WORK TASK
From the line bearing "Sat Binmas Polres" down to the final line of the records below, give every line again exactly and add nothing.

=-=-=-=-=

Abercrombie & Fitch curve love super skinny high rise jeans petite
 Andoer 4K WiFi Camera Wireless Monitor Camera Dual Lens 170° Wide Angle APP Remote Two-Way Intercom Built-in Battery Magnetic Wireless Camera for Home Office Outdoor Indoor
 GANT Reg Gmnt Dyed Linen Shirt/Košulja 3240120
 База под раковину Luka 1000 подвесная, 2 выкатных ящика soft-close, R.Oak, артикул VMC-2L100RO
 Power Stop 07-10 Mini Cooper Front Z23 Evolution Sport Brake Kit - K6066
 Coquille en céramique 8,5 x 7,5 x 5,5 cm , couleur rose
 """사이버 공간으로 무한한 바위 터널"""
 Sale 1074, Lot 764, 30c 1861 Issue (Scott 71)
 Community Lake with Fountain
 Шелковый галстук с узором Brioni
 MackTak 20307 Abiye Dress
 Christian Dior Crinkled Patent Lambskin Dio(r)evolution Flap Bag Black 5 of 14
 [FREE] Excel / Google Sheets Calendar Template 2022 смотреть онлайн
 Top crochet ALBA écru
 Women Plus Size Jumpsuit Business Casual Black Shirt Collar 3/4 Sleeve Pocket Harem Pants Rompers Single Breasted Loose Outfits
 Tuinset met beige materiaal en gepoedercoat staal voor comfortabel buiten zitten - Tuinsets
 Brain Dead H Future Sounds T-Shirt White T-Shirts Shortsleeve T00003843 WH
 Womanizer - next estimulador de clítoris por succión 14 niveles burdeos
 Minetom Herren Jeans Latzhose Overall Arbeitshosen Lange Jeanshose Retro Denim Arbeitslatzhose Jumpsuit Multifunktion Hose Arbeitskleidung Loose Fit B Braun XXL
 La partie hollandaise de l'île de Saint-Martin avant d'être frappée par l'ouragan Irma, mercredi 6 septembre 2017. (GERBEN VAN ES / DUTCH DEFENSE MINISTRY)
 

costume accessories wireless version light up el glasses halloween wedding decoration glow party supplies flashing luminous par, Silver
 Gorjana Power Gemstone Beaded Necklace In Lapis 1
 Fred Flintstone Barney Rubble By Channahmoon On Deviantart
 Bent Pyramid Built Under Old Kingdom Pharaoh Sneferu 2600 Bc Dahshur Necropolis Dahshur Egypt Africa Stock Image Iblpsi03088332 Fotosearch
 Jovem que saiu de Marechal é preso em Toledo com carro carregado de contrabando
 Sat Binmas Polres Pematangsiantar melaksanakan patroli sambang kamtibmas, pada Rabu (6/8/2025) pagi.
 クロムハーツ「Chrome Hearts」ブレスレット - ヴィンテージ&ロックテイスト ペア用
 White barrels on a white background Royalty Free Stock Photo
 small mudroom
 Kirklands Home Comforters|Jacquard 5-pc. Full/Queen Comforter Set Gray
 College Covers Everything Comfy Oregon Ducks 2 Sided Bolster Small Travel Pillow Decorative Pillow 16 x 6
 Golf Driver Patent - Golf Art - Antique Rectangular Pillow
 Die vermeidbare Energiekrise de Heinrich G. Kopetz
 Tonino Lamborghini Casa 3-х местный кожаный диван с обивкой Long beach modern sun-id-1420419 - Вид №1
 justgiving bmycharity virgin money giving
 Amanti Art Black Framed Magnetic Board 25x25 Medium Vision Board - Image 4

=-=-=-=-=

ANSWER AREA
 Sat Binmas Polres Pematangsiantar melaksanakan patroli sambang kamtibmas, pada Rabu (6/8/2025) pagi.
 クロムハーツ「Chrome Hearts」ブレスレット - ヴィンテージ&ロックテイスト ペア用
 White barrels on a white background Royalty Free Stock Photo
 small mudroom
 Kirklands Home Comforters|Jacquard 5-pc. Full/Queen Comforter Set Gray
 College Covers Everything Comfy Oregon Ducks 2 Sided Bolster Small Travel Pillow Decorative Pillow 16 x 6
 Golf Driver Patent - Golf Art - Antique Rectangular Pillow
 Die vermeidbare Energiekrise de Heinrich G. Kopetz
 Tonino Lamborghini Casa 3-х местный кожаный диван с обивкой Long beach modern sun-id-1420419 - Вид №1
 justgiving bmycharity virgin money giving
 Amanti Art Black Framed Magnetic Board 25x25 Medium Vision Board - Image 4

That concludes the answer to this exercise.